4
$\begingroup$

$A$ is a ring, $a,b\in A$. How to show that $ab$ and $ba$ are invertible $\Rightarrow a$ and $b$ are invertible?

This is how I did it:

Let $x$ be the inverse of $ab$ and let $y$ be the inverse of $ba$. Therefore $x(ab)=(xa)b=I$ and $(ba)y=b(ay)=I$. And now $(xa)b=I=b(ay)$ implies that $b$ is invertible. Analogically I can show that $a$ is invertible.

Is this correct?

  • 1
    Completely correct :)2017-02-17
  • 0
    @user394691 You can prove that $ay=xa$ the same way you prove this lemma: "Let $(X,\cdot)$ be a monoid.
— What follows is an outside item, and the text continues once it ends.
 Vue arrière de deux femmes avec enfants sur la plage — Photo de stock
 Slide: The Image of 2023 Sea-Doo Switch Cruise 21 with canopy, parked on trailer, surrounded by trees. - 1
Let $x$ be an element such that there are $y,z\in X$ who satisfy $yx=1=xz$. Then, $y=z$. Moreover, $y$ is the only element in $X$ which satisfies either $yx=1$ or $xy=1$."2017-02-17
  • 1
    @user394691 Technically you need to prove it. Whether you have to actually write the proof or not, it depends on the context in which the question arose: it is an easy, well known fact that an element in a monoid is invertible if and only if it is both invertible on the left and on the right, so one is allowed to invoke it (for instance, a proof in a book might go back to it). However, the person who gave you the assignment might want to see you do the verification.2017-02-17

1 Answers 1

1

To complete your proof (that $b$ is invertible), all you need to argue is that, since $xab=bay=1$, then

$$xa=(xa)(bay)=(xab)ay=ay$$

(with a similar argument for $a$).